Taiwan evacuated more than 8,300 people before the arrival of severely weakened Typhoon Fung-wong on Wednesday, which brought heavy downpours to the mountainous east coast and triggered floods that reached neck height in places.
Businesses and schools were closed in most parts of the south of the island, leaving 51 people injured.
Television images showed severe flooding in parts of the country’s largely rural eastern Yilan County, with water up to their necks as soldiers staged rescue operations for those stranded.

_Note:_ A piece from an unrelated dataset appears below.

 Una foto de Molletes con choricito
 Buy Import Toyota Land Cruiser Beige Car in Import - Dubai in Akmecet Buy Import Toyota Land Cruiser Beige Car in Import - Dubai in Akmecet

“The water came so fast,” said fisherman Hung Chun-yi, who spent the night cleaning mud from his house in the eastern port city of Suao after the first floor was engulfed by 60cm-deep water.
“It rained so much and so fast that the sewers couldn’t handle it.”
Firefighters said about 8,300 people were moved from their homes to safer areas, mainly in Yilan and nearby Hualien, where a monsoon from the north boosted rainfall with an unusually late typhoon.
Dongshan town in Yilan received 794 mm (31 inches) of rain on Tuesday, weather officials said.
Fung-wong is expected to skim Taiwan’s southern tip later Wednesday before heading toward the Pacific Ocean. It lost significant power after crossing the Philippines, killing 18 people.
In September, a typhoon triggered floods that killed 18 people in Hualien.